We live in an age where malware targets smartphones and other Internet of Things (IoT) devices.
Of course, hackers look for other ways to exploit attacks, choosing different "paths". Recently, this has focused on chargers that can attack a smartphone until it melts or burns.
Introduction to the "bad power" attack
Security researchers have recently managed to compromise a wide variety of malicious chargers and provide more voltage than a connected device could handle. With this approach, the overload caused a spark, and the burning of device components.
The attack is known as bad power. It works by changing the default parameters in the charger firmware.

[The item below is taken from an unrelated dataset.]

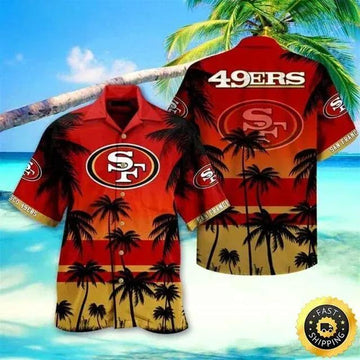 San Francisco 49ers Hawaiian Shirt Football Gift For Beach Lovers, NFL Hawaiian Shirt Moonbestprint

Figure 1: Ordinary fast chargers, potentially vulnerable to this attack
Let's understand a little how fast chargers work. It may look like a regular charger, but it is made with special hardware. The charger hardware can communicate with the connected device to determine a charging speed based on the capabilities of the device. Also remember that each device has its own characteristics and power speed.
In this sense, if the destination device does not support fast charging function, the fast charger provides the standard power - 5V. On the other hand, if it accepts larger charging inputs, the charger can use 12V, 20V or even higher charging speeds. This is the crucial point where a bad power attack can be exploited.
The bad power attack destroys the charger hardware. The operation changes the default charging parameters on the hardware and increases the voltage to a number that the charger cannot handle. This unusual behavior leads to dramatic scenarios.
The following video is a demonstration of this technique by Tencent Security Lab, in order to show us how a bad power attack destroys our device.
The Tencent research team tested the bad power attack on 35 fast chargers from 234 models available on the market. So 18 models from 8 different suppliers were vulnerable to this attack.
The worst case scenario is for some chargers from certain vendors. The power attack can be corrected on simple chargers by updating the device hardware, but the researchers said that 18 chip vendors do not have a hardware update option. In this case, there is no way to fix the vulnerability on these devices.
In this respect, the defect is considered critical and without a quick and effective solution.
Be careful with your device
One of the peculiarities of this attack is that with one simple step you can destroy any device: connect it to the right fast charger. In the worst case scenario, the attack can damage the device in just a few seconds.
Figure 2: H device is damaged when connected to a "malicious" fast charger.
According to the researchers, "with some fast chargers, intruders do not even need the hardware. They can load the attack code to modify the hardware on the target smartphone or laptop. "When a victim connects their infected smartphone or laptop to a fast charger, the device could catch fire."